Meanwhile, Russia’s participation in the Agreement can be explained by the desire to at least partially lift the economic sanctions which the EU, USA, and other countries introduced after the annexation of Crimea in March 2014 by demonstrating an interest in a peaceful solution. As well, Russia aimed to preserve its political influence over Ukraine. After the occupation of Crimea and Donbas, Russia lost the majority of its “soft power” instruments in Ukraine: the majority of Ukraine’s pro-Russian electorate ended up in the occupied territories, and the traditionally pro-Russian parties were banned or discredited. Therefore, Russia’s goals are either to create a frozen conflict or to return Donbas back to Ukraine with a “special status.” This “special status” stems from the good old idea of making Ukraine a federation, where strategic foreign policy decisions, like EU or NATO accession, would be impossible without the agreement of all its members. Russia wins from any compromise in the question of Donbas: the conflict has already played the role of a “smokescreen” for Crimea, and any weakening of the central power in Ukraine gives the Kremlin additional means of influencing the internal and external policies of its former “partner.”
The separatist leaders of the “LNR” and “DNR,” despite claiming on multiple occasions that they are representatives of independent countries, and their goal is independence, have shown a total dependency on Russia, as the Minsk agreements envision only some form of autonomy. Apparently, upon being nearly defeated by the Ukrainian forces prior to the Russian invasion, they have agreed to the minimum suggested to them: an amnesty, personal safety, and a chance to be elected.
Although they are not a side of the conflict, the EU and USA are also participants of the Minsk Agreements. Represented by an OSCE representative and taking an indirect part in the negotiations through contacts with the Kremlin and the Ukrainian government, their interests in the agreement are to normalize relations with Russia and keep Ukraine’s pro-western government in power. Probably, the former is more important for the EU and the latter – for the USA. This explains why the leaders of EU countries – Germany and France – are the main initiators of the Minsk Agreements, and why the position of the USA is more complicated. For the USA, strengthened Russian influence in Ukraine, which would be a direct outcome of the implementation of Minsk, is an unwanted consequence of the Agreements.
What is the international legal status of the Minsk Agreements?
From the legal point of view, the Minsk Agreements are null and void in Ukrainian legislature.
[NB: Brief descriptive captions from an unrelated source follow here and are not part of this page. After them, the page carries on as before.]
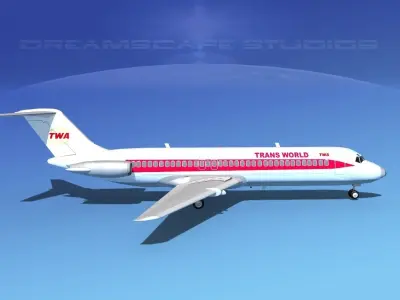 Douglas DC-9-30 TWA 3D model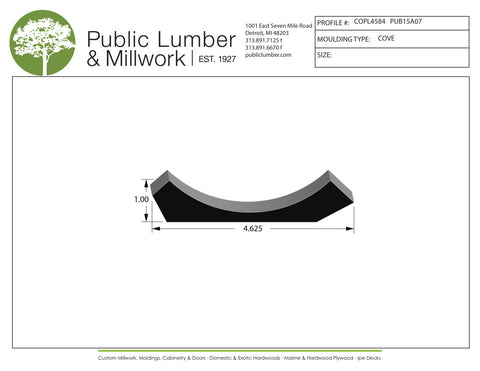 1"x4-5/8" Cove COPL4584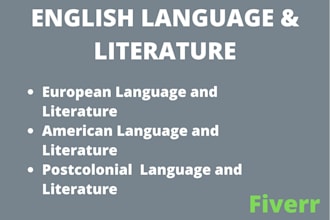 research and write on european, american, and postcolonial  literature topics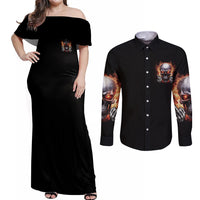 Give Me A F Is Broken But My Go F Yourself Couples Matching Off Shoulder Maxi Dress and Long Sleeve Button Shirt - Wonder Print Shop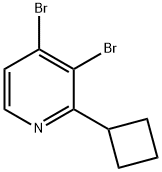 3,4-Dibromo-2-(cyclobutyl)pyridine Structure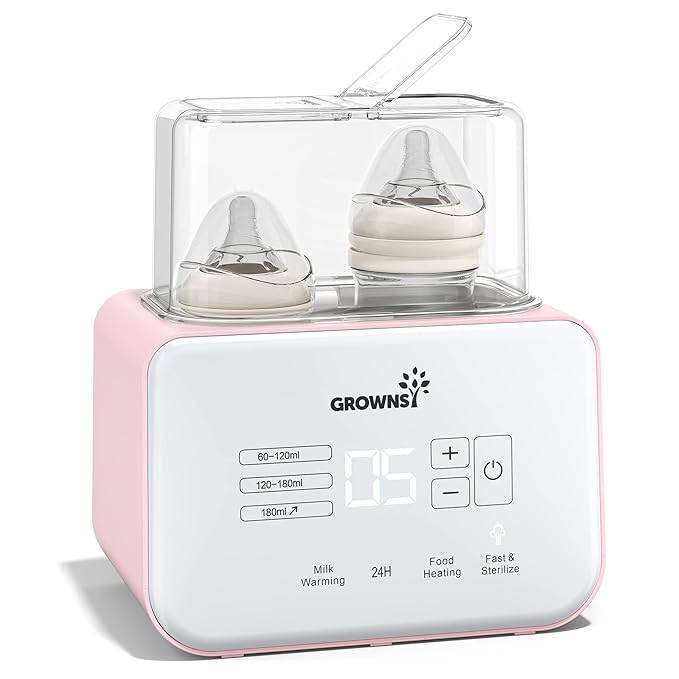 Baby Bottle Warmer, Gronwsy 8-in-1 Fast Milk Warmer with Timer Breastmilk or Formula, Fits 2 Bottles, Accurate Temperature Control, with Defrost, Sterili-zing, Keep, Heat Baby Food Jars Function-CubbioJoy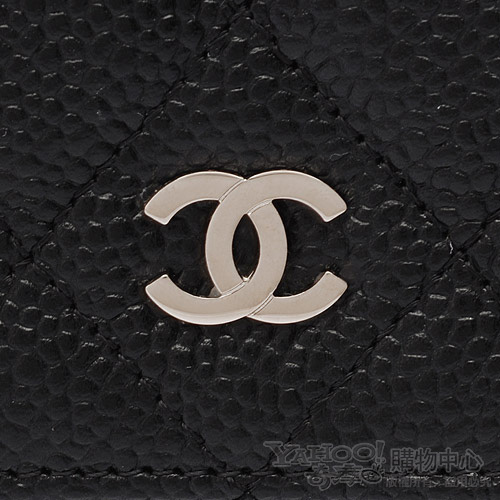 CHANEL 經典菱格小香 LOGO荔枝紋牛皮銀鍊手拿/斜背包(黑)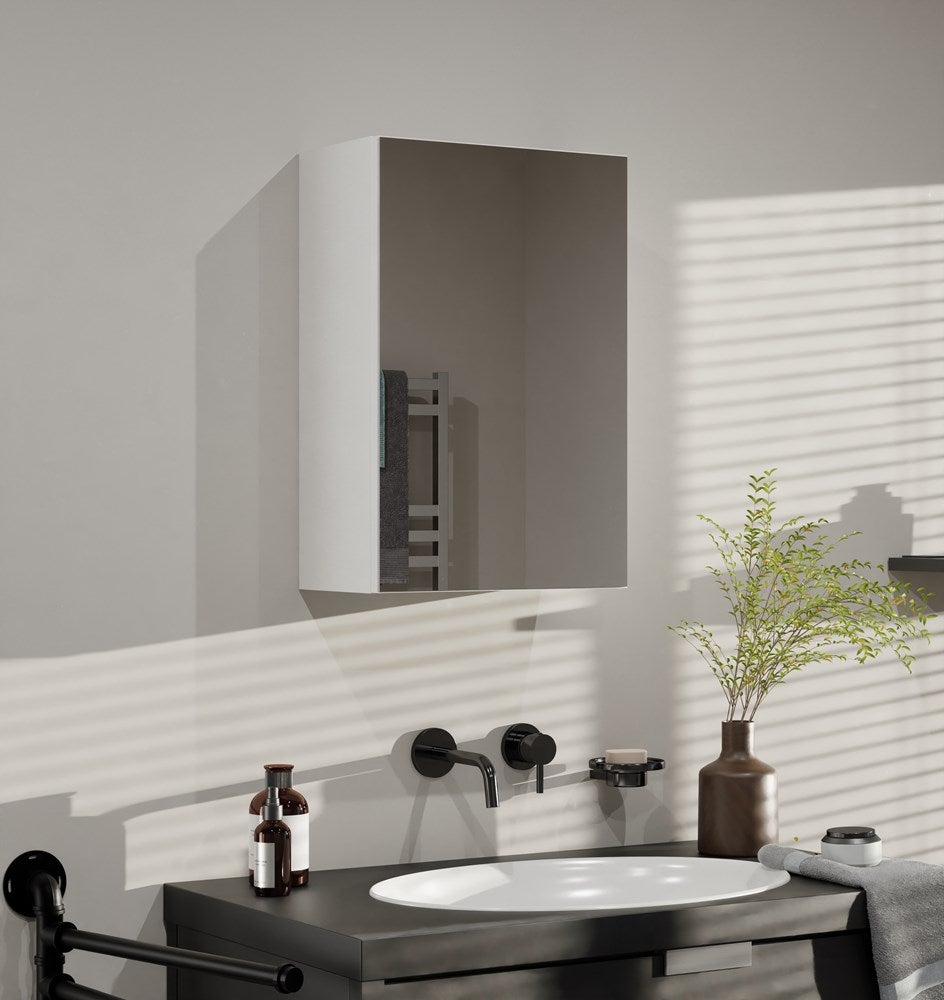 TONNI - Armoire de toilette murale 1 porte - Meuble SDB avec miroir - Dimensions 40x22x60 cm - Rangement Salle de bain - Blanc - 3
However, Ukraine has no other peace agreements with Russia and considers the accords as legal and obligatory.
Nadiya Volkova, a lawyer of the Strategic Litigations Center of Ukrainian Helsinki Human Rights Union, told Euromaidan Press that the Minsk agreements have no international legal status, and they are not themselves part of Ukrainian legislature.
The agreements are rather political accords considered by the signatories to be legal, with a weak legitimacy – they were signed not by leaders of states, and not even the heads of Ministries of Foreign Affairs, but by the OSCE representative, Ambassador of Russia to Ukraine and a former President of Ukraine. None of the procedures envisaged by the Constitution or the Law on International Treaties has been followed. A private citizen isn’t authorized to make any obligations on behalf of the Ukrainian state.
The international legal expert Volodymyr Vasylenko believes that the Minsk Agreements appeared because the Ukrainian side attempted to stop the active phase of the war at all costs. According to him, the Agreements are not international treaties but political arrangements which were forced upon Ukraine. According to the 52nd article of the Vienna Convention of 1969, this makes the Minsk Agreements invalid.
For some reason, all sides consider the Agreements as legal and obligatory despite their dubious legal status.
A UN Security Council Resolution on Ukraine embodied the international community’s approval of the Minsk agreements. As well, the EU and USA have tied the duration of sanctions against Russia to the implementation of the Minsk agreements. The 2016 “Stability and Democracy for Ukraine Act” passed by the US House of Representatives even specifies that it is US policy “to ensure that any relevant sanctions relief 14 for the Russian Federation is contingent on timely, 15 complete, and verifiable implementation of the Minsk 16 Agreements, especially the restoration of Ukraine’s 17 control of the entirety of its eastern border with the 18 Russian Federation in the conflict zone.” This makes the Minsk Agreements part of American law.
However, Ukraine’s so-called “Donbas reintegration law” adopted on 18 January 2018 makes no reference to the Minsk agreements. As Ivan Vynnyk, the secretary of the Committee on national security and defense explained, this was done because “the nature of the [Minsk] pact differs from the nature of a legislative normative act. We can’t implement diplomatic and political pacts, which have a tendency to change with time, into the Ukrainian legislature.” Neither do the constitutional amendments and bill “On the special order of local governance in certain counties of Donetsk and Luhansk oblasts,” which Ukraine passed, mention the Minsk agreements, despite being adopted to implement them.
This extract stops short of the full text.